Although Muse has an alternative rock style that does not involve the same instruments, Hambalek said the UCLA Bruin Marching Band often covers songs from a diverse array of genres, so adapting to their sound for “Pressure” was not unlike their other performances. Henderson said he arranged the music so certain instruments, like trombones, echoed Bellamy’s vocal notes in the background of the UCLA Bruin Marching Band version of the song.
Since the band does not have a guitar section, trumpets mimicked the sounds from the original version of “Pressure” by playing the same notes found in the electric guitar licks, Sathe said. Although she said the final production of the song may be accompanied by Muse’s guitarist, the trumpeter did not hear the original version before recording it.

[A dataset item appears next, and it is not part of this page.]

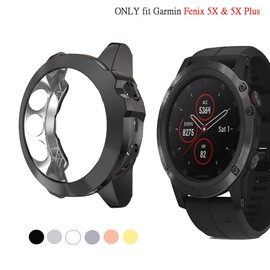 Compatible for Garmin Fenix 5X & Garmin Fenix 5X Plus Watch Accessories Protector Case Soft TPU Shock Proof Scratch Resistant Cover Ultra Thin Protector Shell Bumper (Black)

Because of this, she said they followed three different arrangements made by Henderson, but ultimately edited the rhythm into a fourth arrangement at the request of the producers working on the song.
Brendan James, a fourth-year economics student who also played the trumpet for the recording, said the version of “Pressure” featuring the marching band works well for television networks like ESPN because both Muse and marching bands are able to give high-energy performances that energize crowds. While his instrument was often used to substitute guitar riffs, he said the group worked hard to deliver the upbeat energy the song required. From trumpets mimicking guitars to tubas used for the bass line, Henderson said the band adapted the song to their range of instruments.
“The name of the song is ‘Pressure,’ and it was definitely a pressure situation because we had all these instruments that we had to record and try to match the style of what Muse has done and we had members of the group there who were giving us input,” Henderson said.